Repeat each line of the listing exactly as written.

**********

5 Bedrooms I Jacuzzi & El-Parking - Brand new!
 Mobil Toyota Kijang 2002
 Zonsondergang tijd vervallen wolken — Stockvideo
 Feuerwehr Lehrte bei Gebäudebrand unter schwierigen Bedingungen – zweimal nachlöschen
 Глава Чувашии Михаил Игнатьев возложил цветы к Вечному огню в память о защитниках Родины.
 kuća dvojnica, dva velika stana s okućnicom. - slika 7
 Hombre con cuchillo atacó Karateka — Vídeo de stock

**********

### [ANSWER SECTION]
5 Bedrooms I Jacuzzi & El-Parking - Brand new!
 Mobil Toyota Kijang 2002
 Zonsondergang tijd vervallen wolken — Stockvideo
 Feuerwehr Lehrte bei Gebäudebrand unter schwierigen Bedingungen – zweimal nachlöschen
 Глава Чувашии Михаил Игнатьев возложил цветы к Вечному огню в память о защитниках Родины.
 kuća dvojnica, dva velika stana s okućnicom. - slika 7
 Hombre con cuchillo atacó Karateka — Vídeo de stock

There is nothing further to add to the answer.